> [Required work] Each line of the records below that contains "oacute" needs to be copied.

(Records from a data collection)
# # #

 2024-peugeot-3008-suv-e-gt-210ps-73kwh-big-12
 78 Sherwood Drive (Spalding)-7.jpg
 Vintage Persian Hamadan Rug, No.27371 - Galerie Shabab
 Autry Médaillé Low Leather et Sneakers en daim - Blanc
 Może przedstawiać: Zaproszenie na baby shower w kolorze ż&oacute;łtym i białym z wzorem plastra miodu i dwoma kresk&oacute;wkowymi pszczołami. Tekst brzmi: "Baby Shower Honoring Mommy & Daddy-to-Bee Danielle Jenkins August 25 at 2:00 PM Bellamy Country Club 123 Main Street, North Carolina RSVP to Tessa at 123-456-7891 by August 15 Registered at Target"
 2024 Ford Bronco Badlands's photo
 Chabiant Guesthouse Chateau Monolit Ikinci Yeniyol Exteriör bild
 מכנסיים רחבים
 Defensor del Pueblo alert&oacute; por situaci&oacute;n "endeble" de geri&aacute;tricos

# # #

> [Solved problem]
 Może przedstawiać: Zaproszenie na baby shower w kolorze ż&oacute;łtym i białym z wzorem plastra miodu i dwoma kresk&oacute;wkowymi pszczołami. Tekst brzmi: "Baby Shower Honoring Mommy & Daddy-to-Bee Danielle Jenkins August 25 at 2:00 PM Bellamy Country Club 123 Main Street, North Carolina RSVP to Tessa at 123-456-7891 by August 15 Registered at Target"
 Defensor del Pueblo alert&oacute; por situaci&oacute;n "endeble" de geri&aacute;tricos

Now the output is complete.